Monday, January 17, 2011

Discovery #17

Gonjasufi - A Sufi and A Killer (2010)

Crazy, mind blown halfway across the planet, on an ethereal desert drift that snakes its way through the landscape with transformative migrations, hallucinatory warp speed crunch graveled awareness that echos the underbelly ribcage distortion of organic fear, blocked by the mind's ravaged confusion, hurtled across the fiery lake into the eye of some hellish prison only to come out the other end with a humanistic heart, wallowing in the upper atmospheric revolutionary brain, angled toward the sun until it burns right through the retina and blinds everything in its path, destroys all of the fallacies that control our existence, making everyone come to a new realization that one day, in the all of the madness, we may find the truth, one day it will come to pass and that which lays bleeding back in the shadows was never worth the anguish and falsely titled god whose name we gave, it was never meant to provide any redemption or hope or joy, it was only meant to burden us with its degenerative disease, so we leave it back there, squishy in its own entrails and we walk out into the light and view the world through a divine lens.

Hiroshima Mon Amor - Alan Resnais (1959)

You know nothing of Hiroshima.
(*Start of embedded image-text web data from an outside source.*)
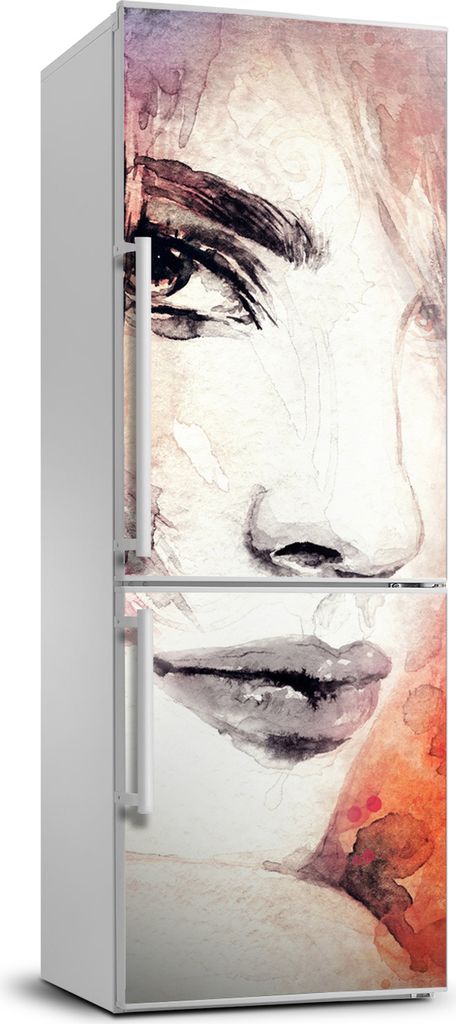 Tulup Kühlschrankdekoration - 70x190 cm - Aufkleber auf dem Kühlschrank - Abstraction Frau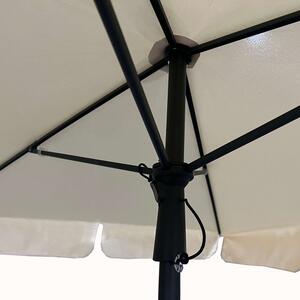 Beżowy parasol plażowy ze zmianą kąta nachylenia - Toverio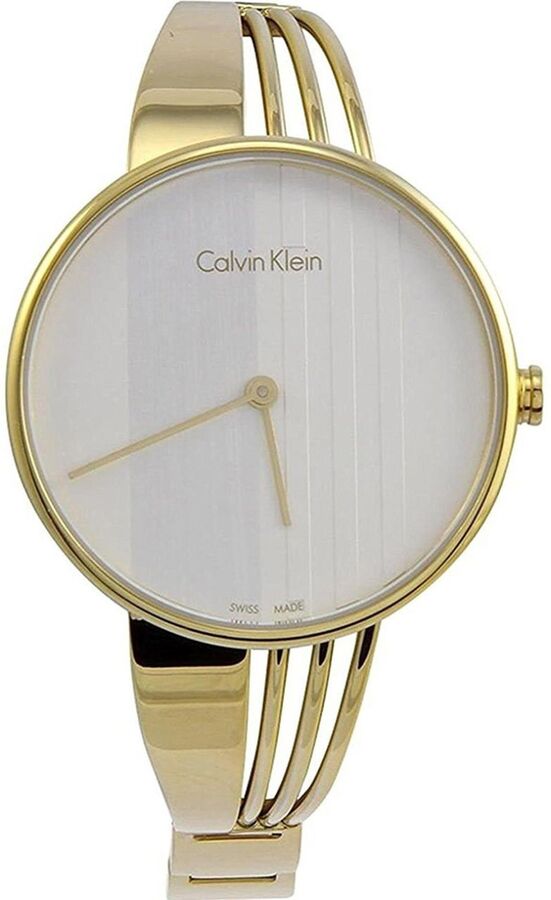 Calvin Klein Drift Silver Dial Gold Steel Strap Watch for Women - K6S2N516 Buy Now By Calvin Klein
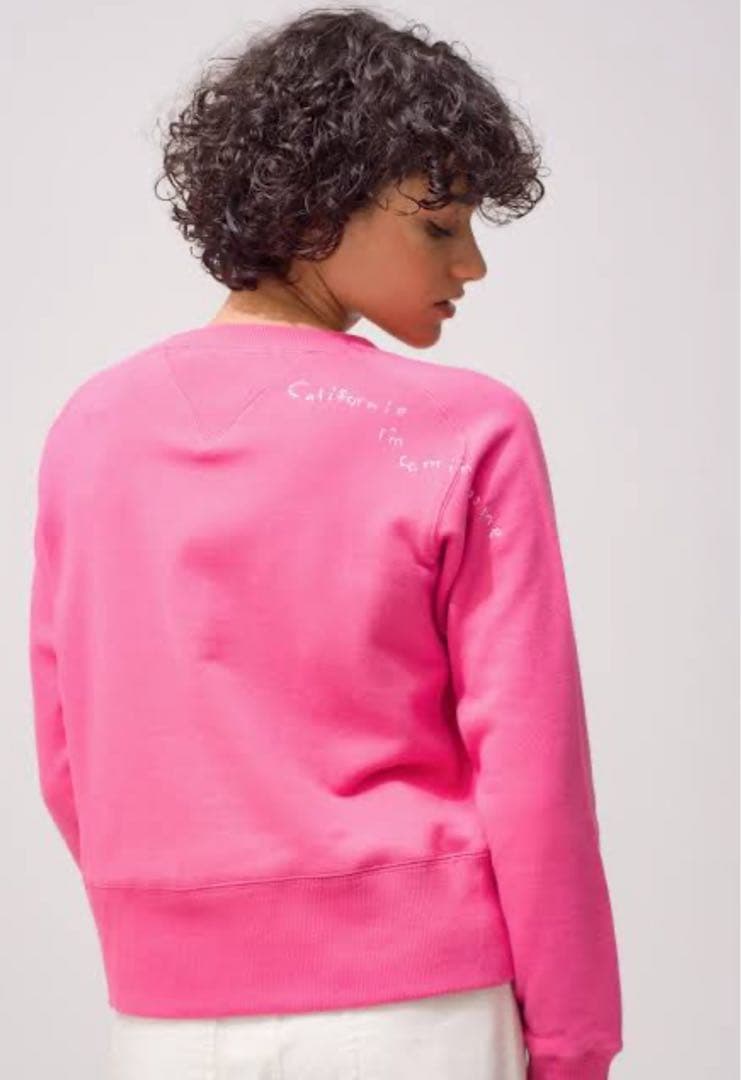 RHC Ron Herman 刺繍 ピンク トップス スウェット S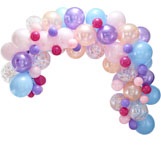 Pink,Purple,Blue,Peach-Balloon Arch 80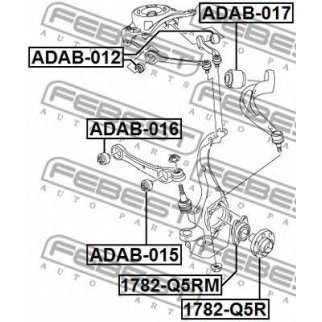 Сайлентблок FEBEST ADAB-015 фото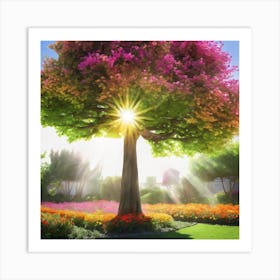 Tree In The Garden Art Print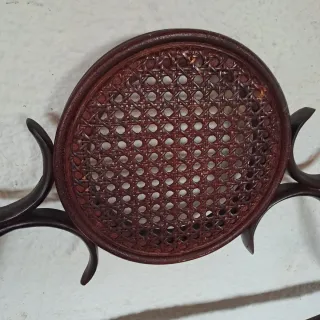 Cabecero Thonet madera y ratán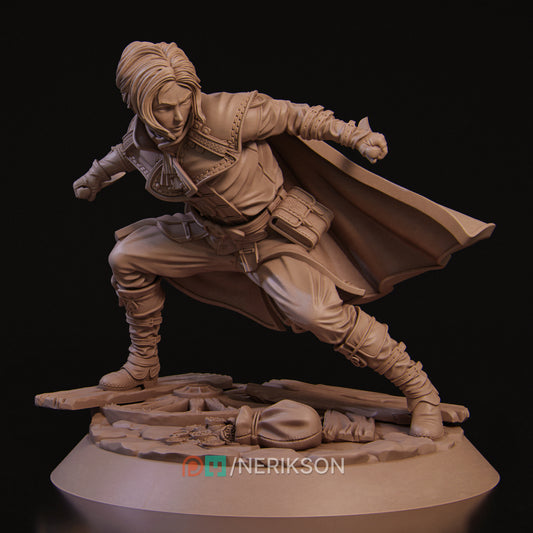 Halfling Rogue 2025 Update | Tabletop and Display Figure | D&D TTRPG Fantasy Model | Nerikson
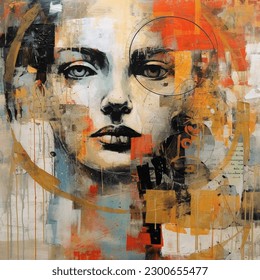 
abstract mixed with interesting textures, objects and other elements of diverse people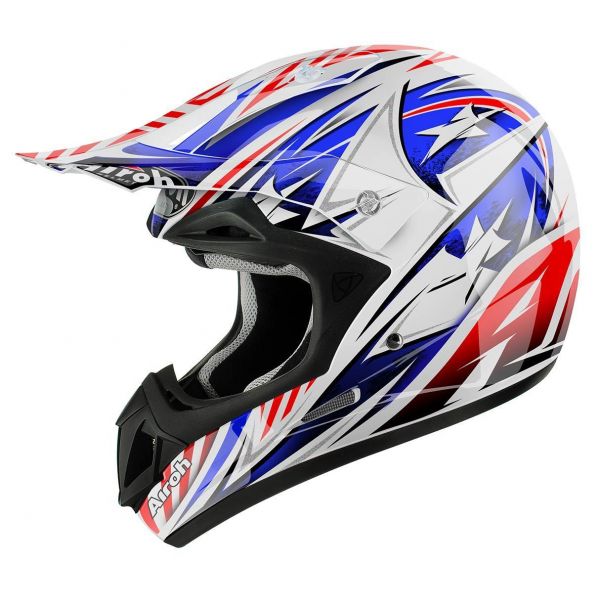 Casti Cross-Enduro Airoh Casca Jumper Attack Gloss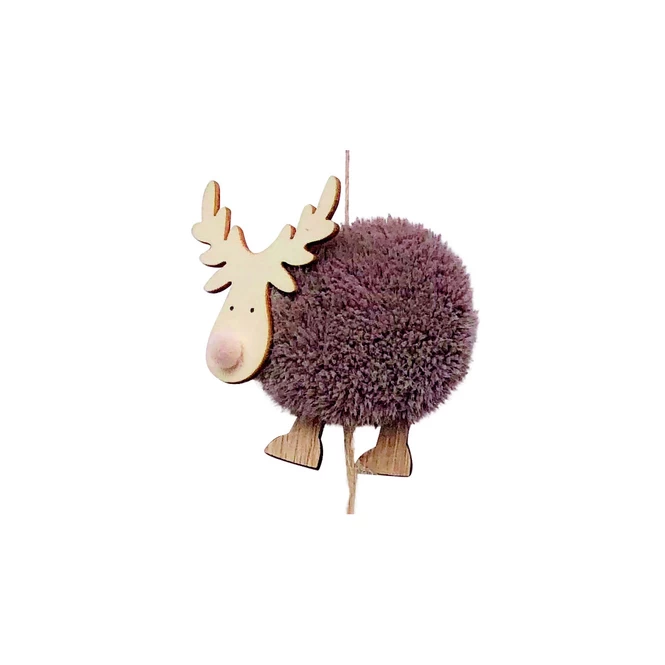 Girlande - Rentiere - Aus Holz - 10 X 90 Cm - 1 Stück – Bild 3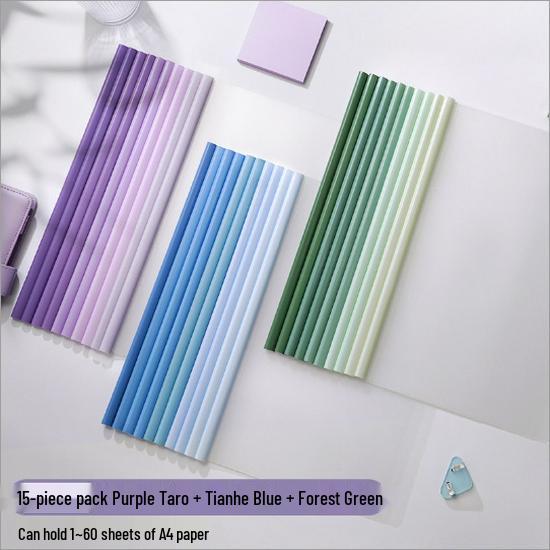 A4 Transparante Klemmap voor Kantoor- en Studentenopslag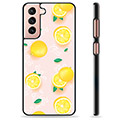 Samsung Galaxy S21 5G Beskyttende Cover - Citron Mønster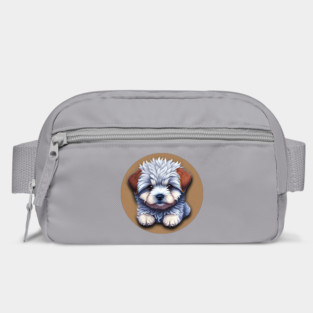 A Cute Cartoon Havanese Puppy Dog Relaxing Bag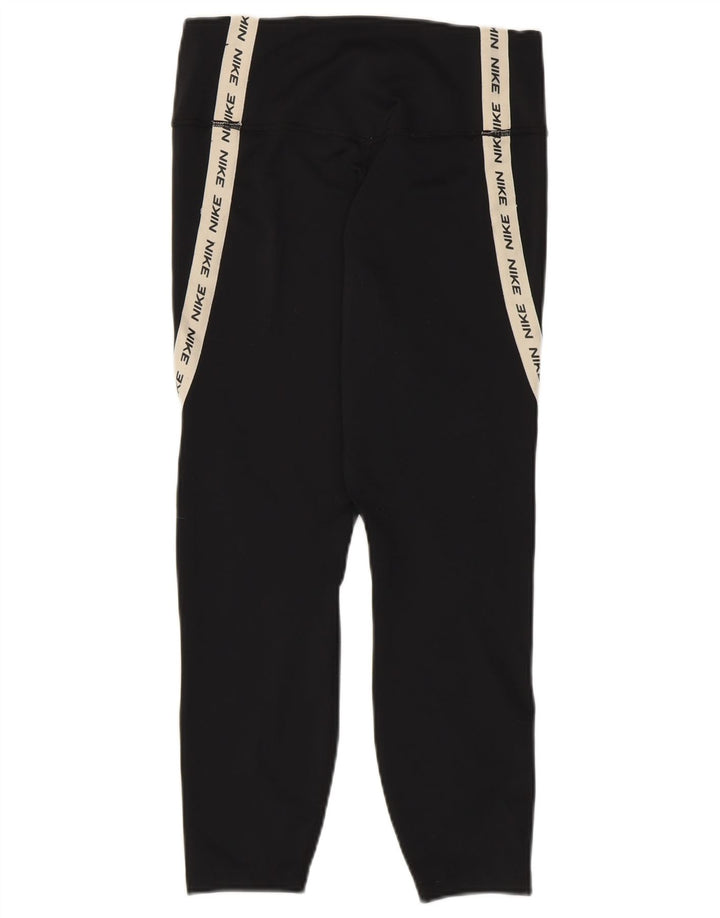 NIKE ženske Dri Fit Graphic Capri tajice UK 12 srednje crne boje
These words follow us around during the opening sequence of madness that was the aftermath of the worse attack on human life ever known. It's vivid and nightmarish but the screen provides such wonderful gifts that you can't help but appreciate the kind of beauty that we sometimes find through the lens of a camera. Alan Resnais has a reputation of transforming the cinema and bringing a new awareness to the masses. It's amazing to view such a profound film that is over fifty years old but is every bit as unique as any masterpiece made today. The history of Hiroshima is one that brings fear into the mind, it's a warning of our modern existence that relies on the massive machinations of war that came out of this great destructive act. Resnais captures that feeling very well early in the film but he cross-references it with two lovers who are caught up in a moment of lust, two adulterers from the opposing cultures that fought in the war, as they come to terms with despair that is caught up in their own lives, in their past and possibly the future. It's a poetic film that immerses the viewer underneath the surface of guilt that consumes peoples lives but the entire time it's trying to lift us up to break through and breathe the fresh air once again, to feel the sun on our faces. We may know nothing of Hiroshima all these years later but the human spirit is dynamic and it does have the power to overcome such horror.